-- Extracted data entries --
☆ ☆ ☆ ☆ ☆ ☆ ☆
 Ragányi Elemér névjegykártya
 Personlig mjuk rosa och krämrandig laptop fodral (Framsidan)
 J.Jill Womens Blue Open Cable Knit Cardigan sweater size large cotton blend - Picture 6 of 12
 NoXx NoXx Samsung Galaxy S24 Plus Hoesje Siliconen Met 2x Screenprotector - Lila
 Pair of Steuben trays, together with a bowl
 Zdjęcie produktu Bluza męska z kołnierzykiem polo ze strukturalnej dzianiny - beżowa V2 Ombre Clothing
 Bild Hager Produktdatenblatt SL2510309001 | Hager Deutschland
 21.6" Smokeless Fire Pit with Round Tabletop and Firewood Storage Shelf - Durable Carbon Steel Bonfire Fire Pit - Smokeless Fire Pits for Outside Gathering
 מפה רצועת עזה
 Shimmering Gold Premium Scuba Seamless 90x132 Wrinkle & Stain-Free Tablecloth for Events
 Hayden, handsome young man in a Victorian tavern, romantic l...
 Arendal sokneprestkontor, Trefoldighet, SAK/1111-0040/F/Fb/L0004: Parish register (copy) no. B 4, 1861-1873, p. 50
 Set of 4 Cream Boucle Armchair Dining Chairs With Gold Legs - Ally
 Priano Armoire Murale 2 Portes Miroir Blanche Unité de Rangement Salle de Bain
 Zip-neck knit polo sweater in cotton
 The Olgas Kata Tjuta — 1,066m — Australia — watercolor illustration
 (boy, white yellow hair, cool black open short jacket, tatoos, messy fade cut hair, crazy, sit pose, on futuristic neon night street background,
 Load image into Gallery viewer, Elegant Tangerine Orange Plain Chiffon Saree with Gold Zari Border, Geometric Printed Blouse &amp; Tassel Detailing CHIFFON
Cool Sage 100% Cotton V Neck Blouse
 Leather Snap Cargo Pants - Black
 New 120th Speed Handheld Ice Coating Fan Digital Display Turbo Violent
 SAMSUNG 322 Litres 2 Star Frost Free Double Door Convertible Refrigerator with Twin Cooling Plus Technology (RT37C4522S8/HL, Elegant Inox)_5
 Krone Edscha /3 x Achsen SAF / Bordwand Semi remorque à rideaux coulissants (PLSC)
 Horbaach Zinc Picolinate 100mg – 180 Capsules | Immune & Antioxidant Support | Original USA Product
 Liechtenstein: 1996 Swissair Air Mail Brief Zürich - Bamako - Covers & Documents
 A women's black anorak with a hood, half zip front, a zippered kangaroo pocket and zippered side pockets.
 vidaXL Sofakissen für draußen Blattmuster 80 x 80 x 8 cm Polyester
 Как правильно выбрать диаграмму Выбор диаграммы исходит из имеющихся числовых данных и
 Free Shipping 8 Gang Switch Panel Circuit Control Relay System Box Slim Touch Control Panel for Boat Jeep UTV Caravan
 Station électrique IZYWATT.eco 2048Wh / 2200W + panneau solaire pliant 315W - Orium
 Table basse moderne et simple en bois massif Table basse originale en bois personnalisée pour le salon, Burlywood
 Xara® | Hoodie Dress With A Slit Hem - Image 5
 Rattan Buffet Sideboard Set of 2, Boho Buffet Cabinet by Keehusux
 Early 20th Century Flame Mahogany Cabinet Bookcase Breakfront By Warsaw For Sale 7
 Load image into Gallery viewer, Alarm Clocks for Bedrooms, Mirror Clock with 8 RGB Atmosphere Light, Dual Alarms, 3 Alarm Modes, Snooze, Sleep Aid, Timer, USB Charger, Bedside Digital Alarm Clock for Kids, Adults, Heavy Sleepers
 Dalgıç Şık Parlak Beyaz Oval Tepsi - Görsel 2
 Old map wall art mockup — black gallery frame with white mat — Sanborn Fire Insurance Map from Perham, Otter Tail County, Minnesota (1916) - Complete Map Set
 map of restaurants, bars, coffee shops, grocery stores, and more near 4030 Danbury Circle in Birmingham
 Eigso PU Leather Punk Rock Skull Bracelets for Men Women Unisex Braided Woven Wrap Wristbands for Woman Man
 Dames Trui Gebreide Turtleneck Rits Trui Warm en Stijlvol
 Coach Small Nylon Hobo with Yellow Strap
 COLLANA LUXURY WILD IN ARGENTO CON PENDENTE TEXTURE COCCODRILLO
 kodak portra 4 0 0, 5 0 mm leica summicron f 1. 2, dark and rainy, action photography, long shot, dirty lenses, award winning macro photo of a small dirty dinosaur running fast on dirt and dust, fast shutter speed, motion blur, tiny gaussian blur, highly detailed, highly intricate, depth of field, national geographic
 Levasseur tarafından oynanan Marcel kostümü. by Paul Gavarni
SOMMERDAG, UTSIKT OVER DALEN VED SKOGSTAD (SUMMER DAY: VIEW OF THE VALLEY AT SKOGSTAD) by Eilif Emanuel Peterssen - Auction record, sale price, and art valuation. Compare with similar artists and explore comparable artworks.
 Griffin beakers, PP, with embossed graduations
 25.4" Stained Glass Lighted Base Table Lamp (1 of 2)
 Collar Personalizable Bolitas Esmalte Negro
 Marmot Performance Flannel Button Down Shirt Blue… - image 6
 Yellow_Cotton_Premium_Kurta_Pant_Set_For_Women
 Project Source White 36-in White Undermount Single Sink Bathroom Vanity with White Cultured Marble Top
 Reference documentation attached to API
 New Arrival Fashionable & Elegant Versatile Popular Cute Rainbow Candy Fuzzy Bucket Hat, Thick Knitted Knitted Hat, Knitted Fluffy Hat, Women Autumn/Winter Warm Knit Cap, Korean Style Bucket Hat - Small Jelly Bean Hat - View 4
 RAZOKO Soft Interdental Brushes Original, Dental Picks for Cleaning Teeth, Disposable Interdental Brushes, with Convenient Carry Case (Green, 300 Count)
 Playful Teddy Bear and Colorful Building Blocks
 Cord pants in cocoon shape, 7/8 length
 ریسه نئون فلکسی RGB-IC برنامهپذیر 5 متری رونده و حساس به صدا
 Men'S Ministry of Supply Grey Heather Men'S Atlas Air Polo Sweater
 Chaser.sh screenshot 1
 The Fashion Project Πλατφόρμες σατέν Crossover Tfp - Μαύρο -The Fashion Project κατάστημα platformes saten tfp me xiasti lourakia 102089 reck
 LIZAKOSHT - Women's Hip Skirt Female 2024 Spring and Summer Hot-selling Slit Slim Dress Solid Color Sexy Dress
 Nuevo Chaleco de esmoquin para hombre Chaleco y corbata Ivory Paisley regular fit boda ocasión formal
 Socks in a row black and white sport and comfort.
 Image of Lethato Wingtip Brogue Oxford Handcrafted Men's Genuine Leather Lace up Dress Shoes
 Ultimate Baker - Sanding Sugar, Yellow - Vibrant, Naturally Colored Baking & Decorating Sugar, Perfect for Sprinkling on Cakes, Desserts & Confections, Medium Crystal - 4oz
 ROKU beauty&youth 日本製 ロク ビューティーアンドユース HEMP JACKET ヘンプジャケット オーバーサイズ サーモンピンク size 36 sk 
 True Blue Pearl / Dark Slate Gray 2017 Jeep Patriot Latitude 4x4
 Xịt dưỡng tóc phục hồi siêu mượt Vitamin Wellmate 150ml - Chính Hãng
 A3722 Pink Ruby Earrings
☆ ☆ ☆ ☆ ☆ ☆ ☆
-- Task prompt --
Transcribe the lines above between the line holding "SOMMERDAG, UTSIKT OVER" and the line holding "Reference documentation attached to API", inclusive, exactly as they stand and with nothing added.

-- Response below --
SOMMERDAG, UTSIKT OVER DALEN VED SKOGSTAD (SUMMER DAY: VIEW OF THE VALLEY AT SKOGSTAD) by Eilif Emanuel Peterssen - Auction record, sale price, and art valuation. Compare with similar artists and explore comparable artworks.
 Griffin beakers, PP, with embossed graduations
 25.4" Stained Glass Lighted Base Table Lamp (1 of 2)
 Collar Personalizable Bolitas Esmalte Negro
 Marmot Performance Flannel Button Down Shirt Blue… - image 6
 Yellow_Cotton_Premium_Kurta_Pant_Set_For_Women
 Project Source White 36-in White Undermount Single Sink Bathroom Vanity with White Cultured Marble Top
 Reference documentation attached to API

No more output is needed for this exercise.